The man with the cigar turned back to the window, puffing thoughtfully. Why was it they all turned weak on him? Sooner or later, every one of them started to screw up. Started to get scared.
And as soon as they got uneasy, they became liabilities. You couldn't trust a man who began to worry about his own hide. It was as simple as that. Lance's death was merely serendipitous, saving him the trouble of staging it. But this man, his closest associate of many years …
Well, a plane accident ought to do it. Or an auto accident. After they got back to Washington. The police were nosing around too much in Tampa.
“The FAA is checking the tail number against their registry,” Matt told Chloe that evening. “Did our wayward priest agree to behave until tomorrow night?”
“Yes, he did.”
“Thank God for small favors.” He shifted uneasily against his car. Once again they were standing in the parking lot at St. Simeon's. It was crowded since religious education classes were meeting and the choir was practicing.
Brendan had waved at them a few minutes ago as he passed on his way to the parish hall. Chloe almost smiled when she saw Officer Duggan glued to his side. “Duggan will keep him in line,” she said to Matt.
“As long as Duggan is on duty here.” He ran a hand impatiently through his hair. “How long can it take for them to trace a tail number?”
“There are a lot of planes registered in this country.”
“There are also computers.
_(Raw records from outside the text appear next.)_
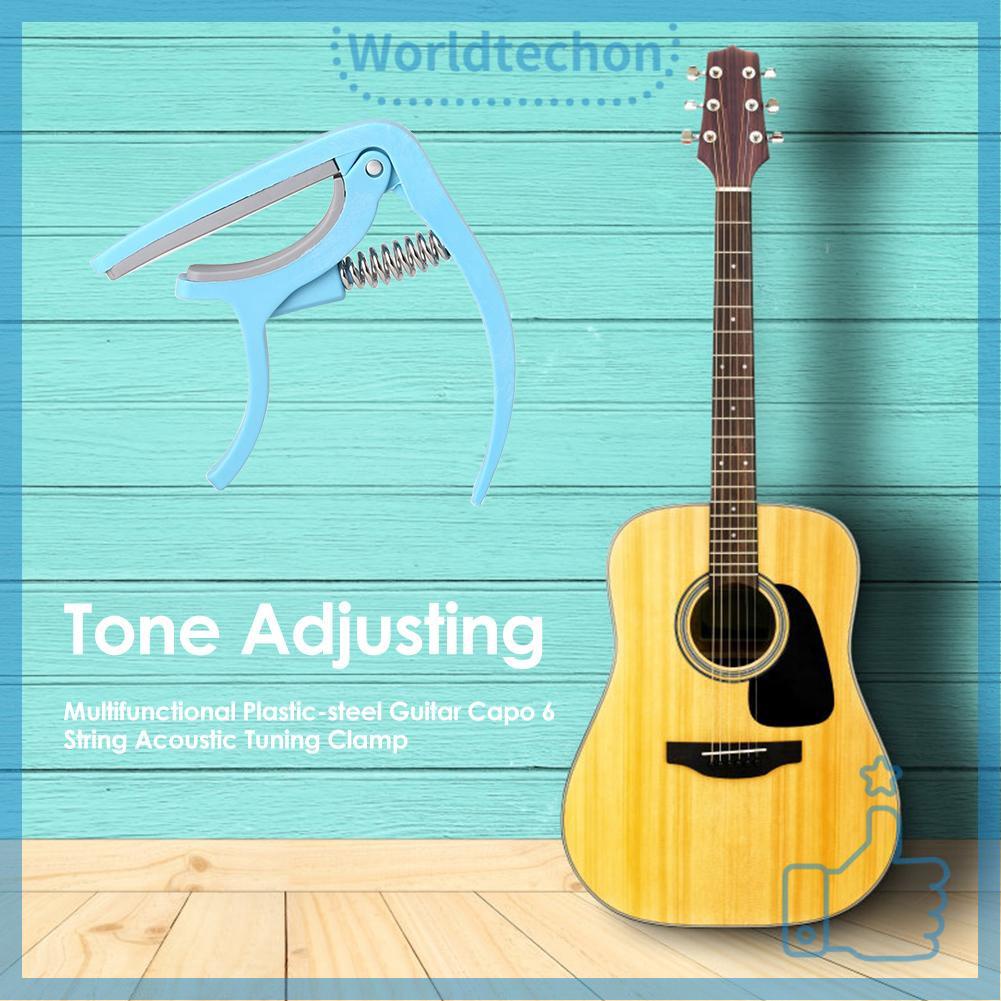 Kẹp Capo Bằng Nhựa Và Thép Chỉnh Tông Đa Năng Dành Cho Đàn Guitar Acoustic 6 Dây
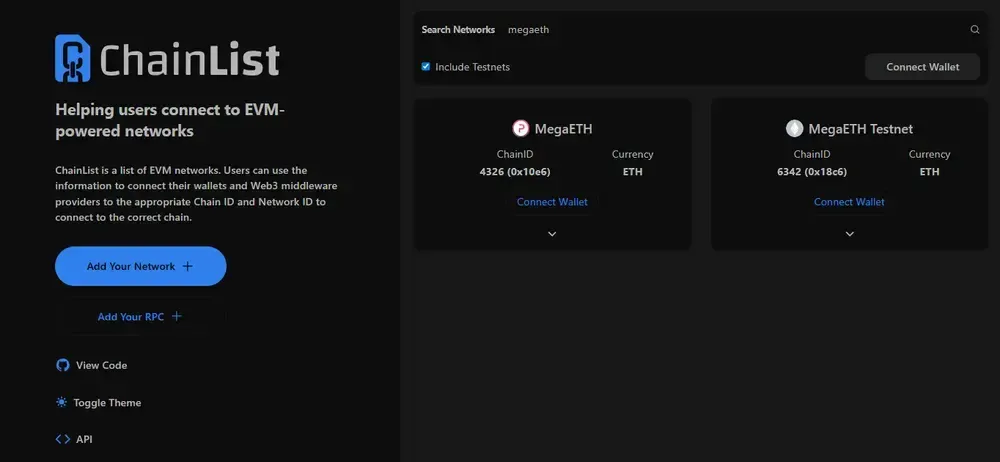 如何在 MetaMask 中添加 MegaETH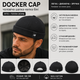 Шапка біні Docker Cap N.B. чорна чоловіча літня | Докерка без козирка з бавовни Cotton | Розмір 56-58 регульований - зображення 2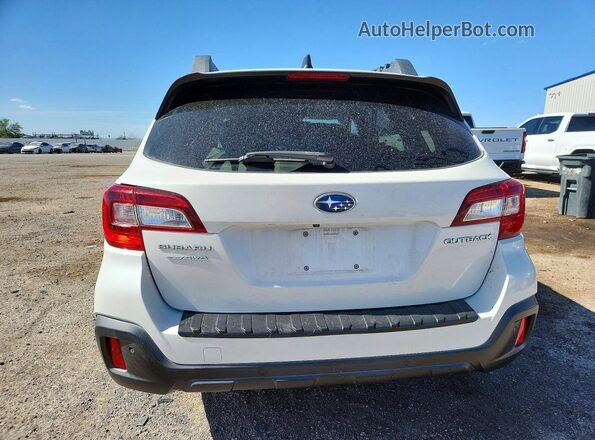4S4BSANC2K3371587 2019 SUBARU OUTBACK Белый Вид сзади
It would have been helpful if they hadn't closed their web registry access after nine-eleven.” He threw up a hand. “Of course, I can understand why they don't want just any Tom, Dick, or Harry to be able to look at that stuff.”
She understood his impatience and moved to stand beside him, taking his hand. He started a little, then looked down at her. She squeezed his fingers in what she hoped was a comforting gesture. And she was utterly astonished when she realized that she had also comforted herself.
“Dinner, when this is over,” he said. “We're definitely going out to dinner.”
“Yes, Matt.”
“Why'd you shove me away back then?”
“Because it hurt too much. Everything hurt too much.” She sighed and studied the ground. “It wasn't just my marriage and the things he did to me. It was everybody — friends, colleagues, everybody — thinking I’d killed him. Not one of them gave me the benefit of the doubt.”
“Except me.”
“Except you.”
“You can't live forever without caring,” he said.
“I know. I’m beginning to figure that out. I cared when Steve was killed. I care that Father Brendan's at risk. I might as well start caring about other things, too.”
“Sounds like a plan.”
She lifted her head then and smiled at him. It was a dazzling smile, free of shadows and ice. But only for a moment. Reality could never go away that long.
Matt's phone rang and he answered it. “Yeah. Yeah? How do I contact him?” He pulled out his pad, turning as he did so to set it on the hood of his car. Then he tugged a pen out of his breast pocket. “Give it to me again. Yeah. Yeah … Okay, I got it.”
He disconnected and looked at Chloe. “That tail number belongs to a plane owned by a company in Maryland. Vreeland Aviation.”
He was already punching numbers into his phone. A few seconds later, he swore. “They're closed until tomorrow morning at seven.”
“We could be up there by then.”
“Yeah, but could we get back here in time?”
“In time for what? We don't even know what's supposed to happen, let alone where.”
“True.” He ran his fingers through his hair again. “Okay, let's go.”
They headed straight for the airport.
Tomorrow, Wayne Humboldt promised himself. It was the last day that damn priest would be at the parish. The last day before the church sent him somewhere else.
It had been impossible for him to get anywhere near the man all day, thanks to that damn cop who seemed glued to his side. But at some point that cop was going to leave, and at some point he'd be able to get to Brendan. Some way.